For ecommerce applications, matching users with the items they want is the name of the game. If they can’t find what they want, then how can they buy anything? Typically, this functionality is provided through the search and browse experience. Search allows users to type in text and match against the text of the items in the inventory. Browse allows users to select filters and slice and dice the inventory down to the subset they’re interested in. But with the shift toward mobile devices, no one wants to type anymore—thus browse is becoming dominant in the ecommerce experience.
But there’s a problem if your inventory isn’t categorized. Perhaps your inventory is user generated or generated by external providers who don’t tag and categorize the inventory. No categories and no tags means no browse experience and missed sales. You could hire an army of taxonomists and curators to tag items, but training and curation will be expensive. You can demand that your providers tag their items and adhere to your taxonomy—but providers will buck this new requirement unless they see obvious and immediate benefit. Worse, providers might use tags to game the system—artificially placing themselves in the wrong category to drive more sales. Worst of all, creating the right taxonomy is hard. You have to structure a taxonomy to realistically represent how your customers think about the inventory.
Eventbrite is investigating a tantalizing alternative: using a combination of customer interactions and machine learning to automatically tag and categorize its inventory. As customers interact with the platform—as they search for events and click on and purchase events that interest them—Eventbrite implicitly gathers information about how its users think about its inventory. Search text effectively acts like a tag, and a click on an event card is a vote that the clicked event is representative of that tag. Eventbrite uses this stream of information as training data for a machine learning classification model, and as Eventbrite receives new inventory, it can automatically tag it with the text that customers will likely use when searching for it. This makes it possible to better understand the inventory, supply and demand, and most importantly this allows Eventbrite to build the browse experience that customers demand.
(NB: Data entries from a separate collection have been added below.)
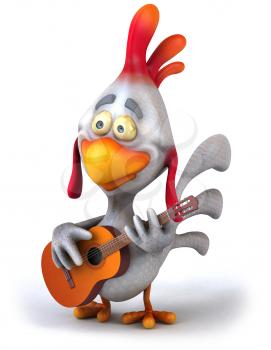 Royalty Free Clipart Image of a Guitar Playing Chicken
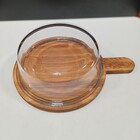 Queijeira Redonda Home&co Com Tampa De Vidro Madeira 8x21x28c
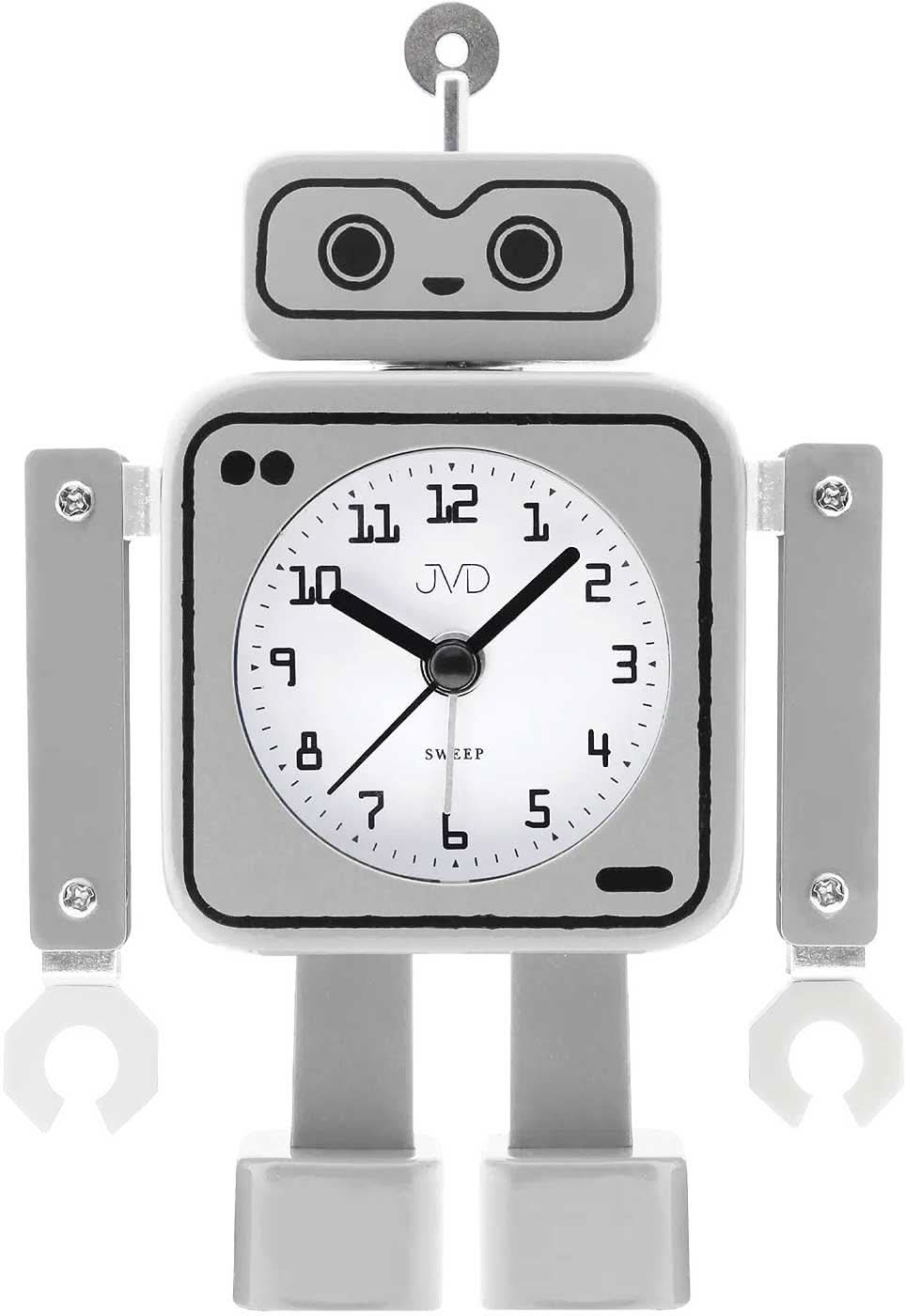 Despertador robot con esfera analógica, gris, con cabeza y dos patas salientes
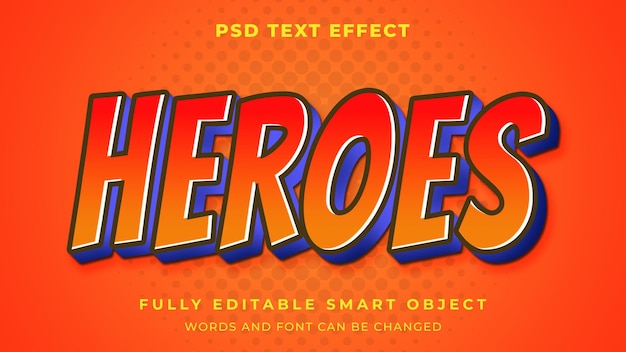 PSD edytowalny efekt tekstowy super heroes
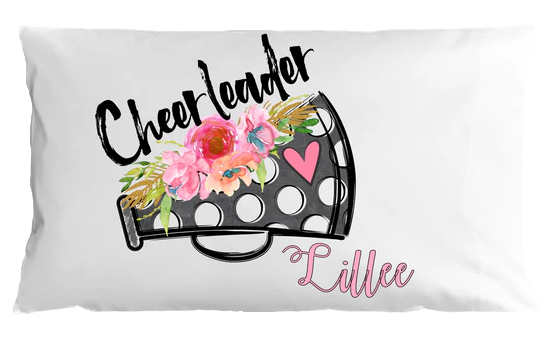 Pillow case with 'Cheerleader' design featuring flowers and polka dots, personalized with 'Lilliee'.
John Berryman takes a deep dive into the problem space and Eventbrite’s approach. He explores how the company gathered training data from its search and click logs, and how it built and refined the model. You’ll see the output of the model and both the positive results of Eventbrite’s work, as well as the work left to be done. You’ll leave with some new ideas to take back to your business.
Prerequisite knowledge
- A basic understanding of machine learning involving text manipulation, classification algorithms, and neural networks
What you'll learn
- Gain a clever technique for generating tags for products based on the search behavior of customers
This session is from the 2019 O'Reilly Strata Conference in New York, NY.